-- DATA RECORDS follows --

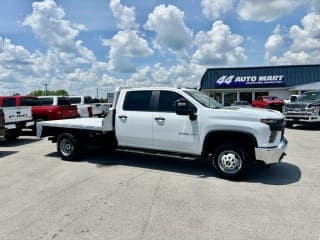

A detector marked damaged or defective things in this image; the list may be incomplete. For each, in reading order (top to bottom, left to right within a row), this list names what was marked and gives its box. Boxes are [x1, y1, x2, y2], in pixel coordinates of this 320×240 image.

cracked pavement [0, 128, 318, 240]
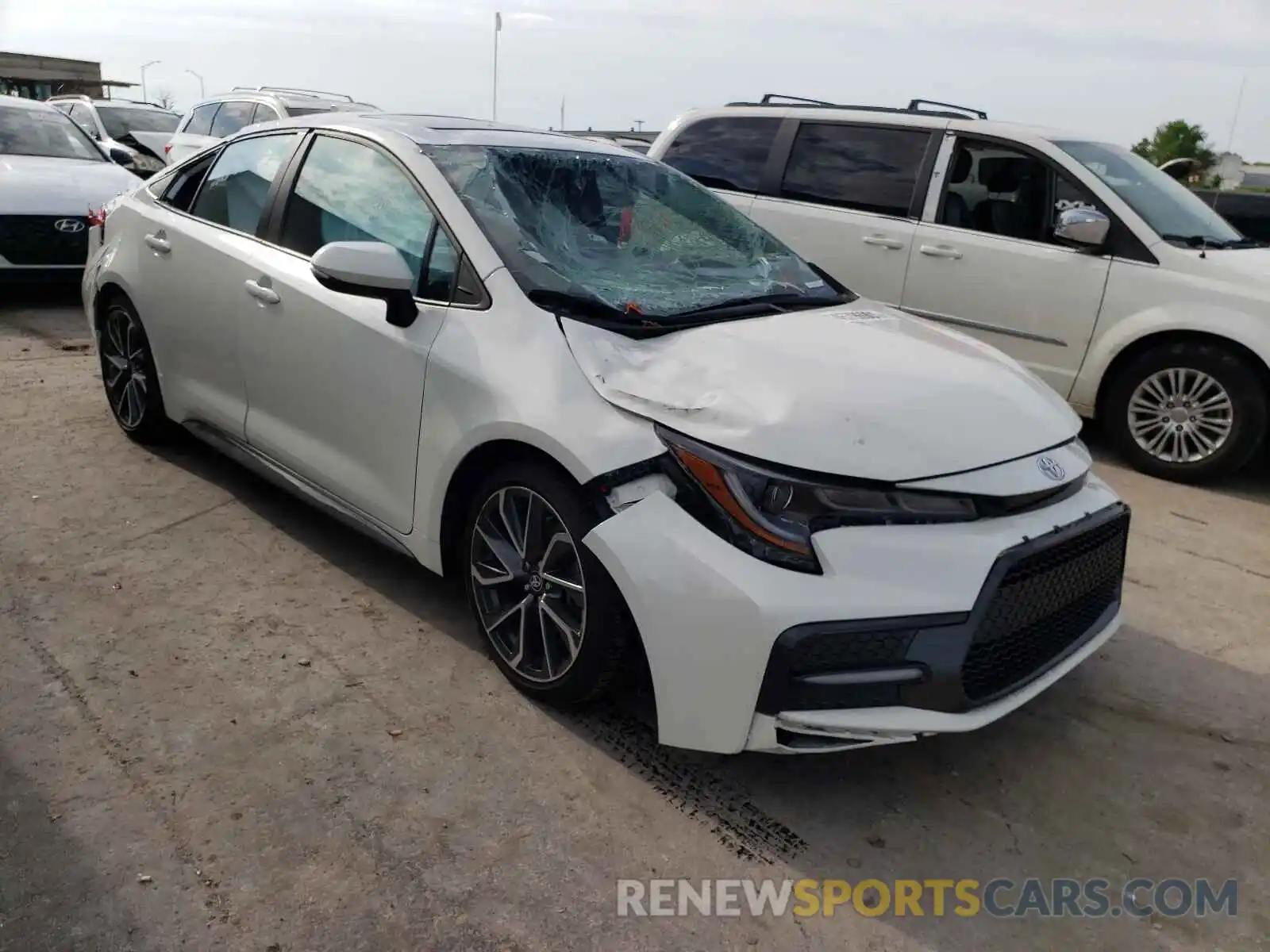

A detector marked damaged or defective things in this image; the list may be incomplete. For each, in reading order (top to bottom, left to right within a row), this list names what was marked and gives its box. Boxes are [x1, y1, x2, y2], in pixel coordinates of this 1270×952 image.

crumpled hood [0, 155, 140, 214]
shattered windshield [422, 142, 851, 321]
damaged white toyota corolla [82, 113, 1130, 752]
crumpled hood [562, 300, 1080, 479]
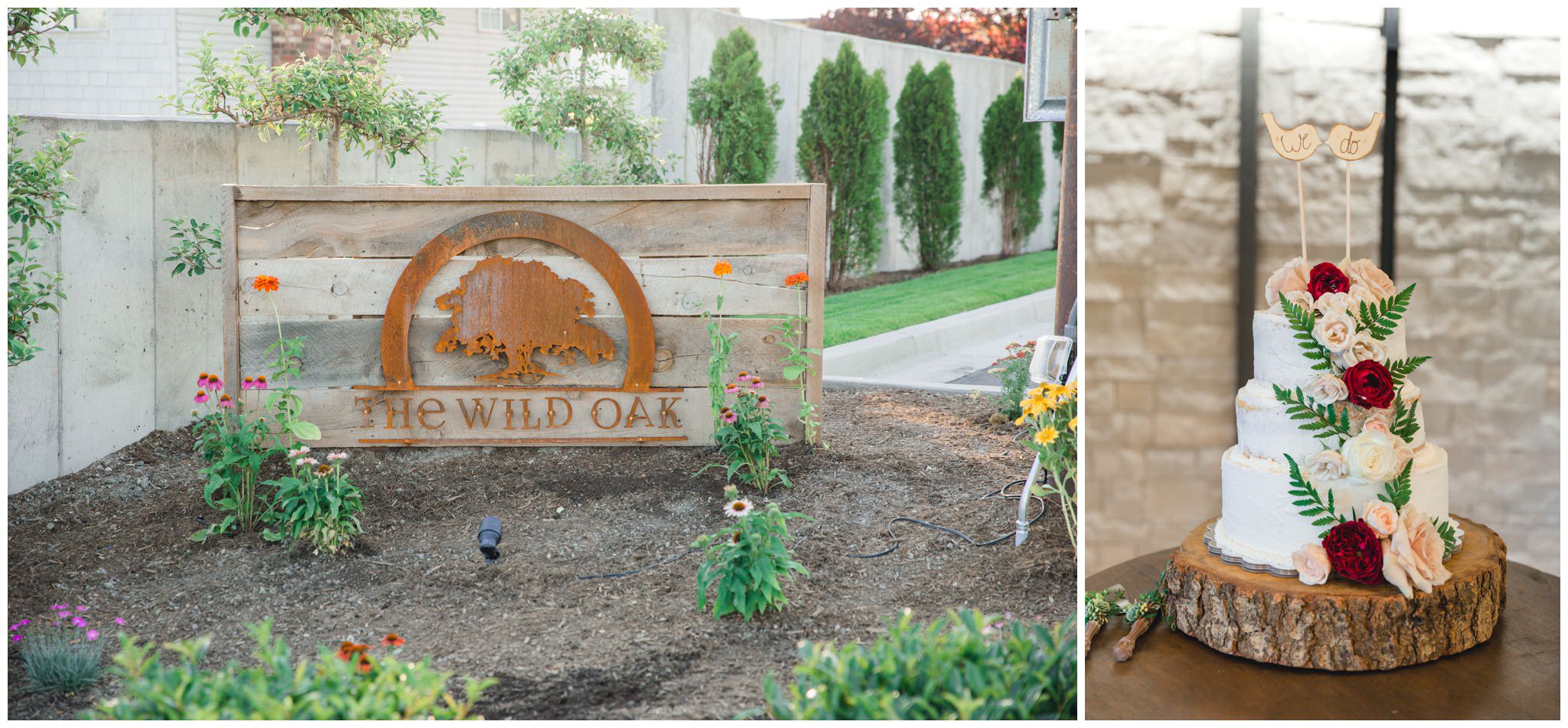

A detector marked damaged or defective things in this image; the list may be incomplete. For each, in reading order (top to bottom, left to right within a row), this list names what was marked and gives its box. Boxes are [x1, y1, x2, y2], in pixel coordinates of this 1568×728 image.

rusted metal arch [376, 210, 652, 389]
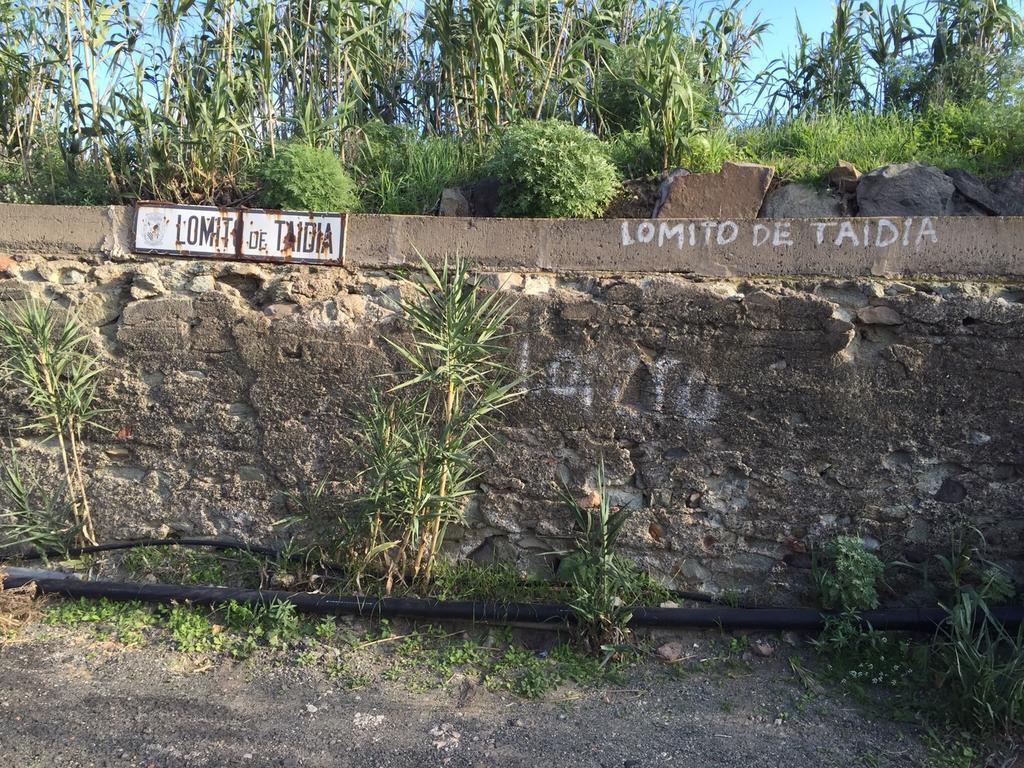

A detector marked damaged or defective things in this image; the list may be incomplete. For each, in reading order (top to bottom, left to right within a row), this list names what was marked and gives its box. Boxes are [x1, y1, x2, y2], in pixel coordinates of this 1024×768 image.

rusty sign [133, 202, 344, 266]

-- DATA RECORDS concluded --

§ EXERCISE AIM
Copy out only the lines beginning at the line with "this 1568×728 image." and ending at the last line of the entries. Keep them exact; drop pictures.

§ WRITTEN RESPONSE
A detector marked damaged or defective things in this image; the list may be incomplete. For each, in reading order (top to bottom, left to right within a row), this list names what was marked and gives its box. Boxes are [x1, y1, x2, y2], in pixel coordinates of this 1568×728 image.

rusted metal arch [376, 210, 652, 389]

A detector marked damaged or defective things in this image; the list may be incomplete. For each, in reading order (top to bottom, left to right within a row), this list names what was marked and gives its box. Boxes are [x1, y1, x2, y2], in pixel coordinates of this 1024×768 image.

rusty sign [133, 202, 344, 266]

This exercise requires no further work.